Mit 81 Stunden und 40 Minuten ist die Reisezeit an den Bosporus nicht nur um einiges kürzer als mit dem gewöhnlichen Schnellzug - die neue Direktverbindung ans Goldene Horn lässt auch sonst keine Wünsche offen: Industrielle, Politiker, Adlige und sogar Könige dinieren an mit schwerem Silbergeschirr gedeckten Tischen. Man sitzt in Garnituren aus Leder und tiefen roten Plüsch-Fauteuils. Man ruht auf Keilkissen und Schlummerrollen und schläft in gestärkten Bettlinnen.

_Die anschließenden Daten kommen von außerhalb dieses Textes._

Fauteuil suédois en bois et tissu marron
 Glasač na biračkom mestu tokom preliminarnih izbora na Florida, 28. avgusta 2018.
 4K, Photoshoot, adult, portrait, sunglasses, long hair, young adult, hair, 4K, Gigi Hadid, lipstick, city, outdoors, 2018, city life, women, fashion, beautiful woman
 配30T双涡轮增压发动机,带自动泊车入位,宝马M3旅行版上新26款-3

Die Gas-Beleuchtung ist festlich - der Parkettboden knarzt in jeder Kurve. Kurzum, der Orient-Express ist ein rollendes Hotel ersten Ranges. Und die von Georges Nagelmackers gegründete Internationale Schlafwagen-Gesellschaft hat wirklich an alles gedacht: sogar an Spucknäpfe aus schwerem Messing. Welche Finesse!
Die illustre Gesellschaft ist wild entschlossen, sich die Luxus-Laune durch nichts verderben zu lassen. Auch nicht durch einen Weltkrieg. Als in Europa 1914 das Grauen losbricht, verlegt man die Strecke kurzerhand etwas weiter nach Süden.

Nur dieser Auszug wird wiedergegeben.